Tenía que regresar; me despedía con envidia del los que se quedaban y caminaba a prisa, volviendo la cabeza, hasta que el incendio a medida que iba alejándome, se volvía en el cielo una mancha rosa. Al día siguiente, apenas sonaba la campana de la escuela para indicar la salida, corríamos todos al lugar del siniestro. Algunas veces todavía encontrábamos el fuego, pero, generalmente se veía subir un humo nauseabundo entre vigas carbonizadas, y el agua lo ensuciaba todo, como si además del incendio, hubiera habido una inundación.

No sabía que un año después se iba a quemar mi casa.
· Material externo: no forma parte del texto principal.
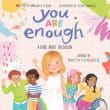 Book cover of You Are Enough: A Book about Inclusion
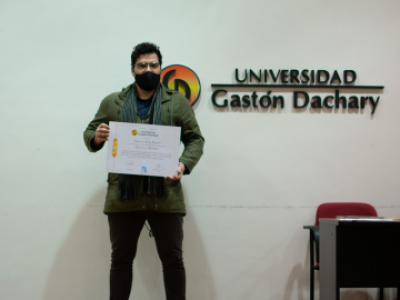 Titulos UGD  (60)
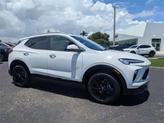 Thumbnail of 2026 Summit White Buick Encore GX
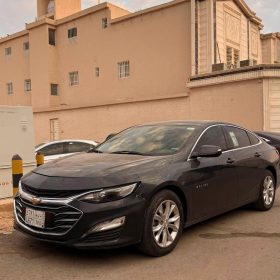 حراج الرياض شيفورليه ماليبو 2020
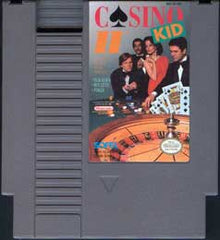 Casino Kid 2
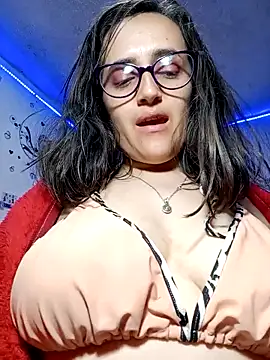 anndreapds online show from November 14, 12:43 am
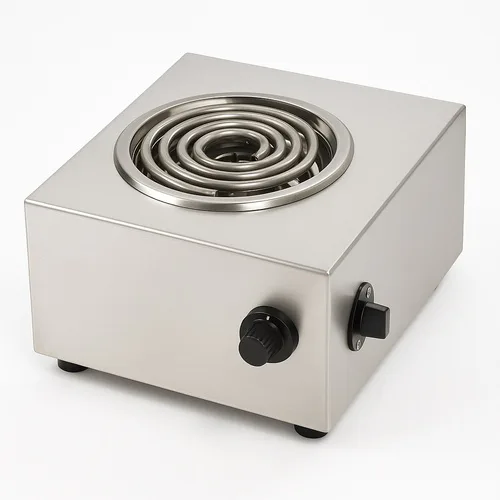 G Power Coil 2000 kW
Entonces me desperté oyendo que la gente en; la calle hablaba del fuego. Iba a vestirme para verlo, cuando las voces de los que estaban fuera me indicaron que se trataba de mi casa. Es cierto que salí a contemplarlo, pero de una manera diferente. Supe por experiencia la velocidad de las llamas cuando alumbran el cielo raso y avanzan crujiendo. Al ama¬necer, nuestros muebles estaban en la calle, como en un desahucio del fuego, y los compañeros de escue¬la al toque de la campana corrían a mirar mi casa. Esta vez, de una manera diferente, comprendían que también las suyas podían quemarse. En Venecia me tocó ver unos muebles al aire libre, en un callejón sucio frente a unos palacios carcomidos: se trataba de gentes que se mudaban en góndola. Me acordé de los muebles de mi casa puestos en la calle en donde hablaban un extraño lenguaje, como en las especulaciones metafísicas de los cuadros de Chirico.

Mis compañeros examinaron aquella mañana el esqueleto de carbón de lo que había sido mi vivienda, y a la que, mientras mi padre la construía, me llevaba de su mano los domingos en la tarde, cuando el único fuego era el cobre lejano del poniente.

Después de esto, permanecí taciturno: había muerto mi padre, ahora se quemaba mi casa. Con mi abuela, mi tía, mi madre y mis hermanos fuimos a habitar una vieja morada con ratas que se alimentaban de harina, de yute y de la madera de los pisos. Al lado quedaba una panadería; las máquinas funcionaban toda la noche con sus poleas, y se callaban en el amanecer al salir el pan de los hornos y las campanas de la Iglesia de La Soledad llamaban desde sus torres a las mujeres.

Poco después el Estado monopolizó los seguros de incendio y el fuego no volvió a aparecer con aquella frecuencia. Las noches volvieron a ser oscuras con su alumbrado deficiente y los incendios, como espectáculo gratis y negocio, quedaron siendo una parte de la historia de mi país y de la biografía sentimental de mi infancia.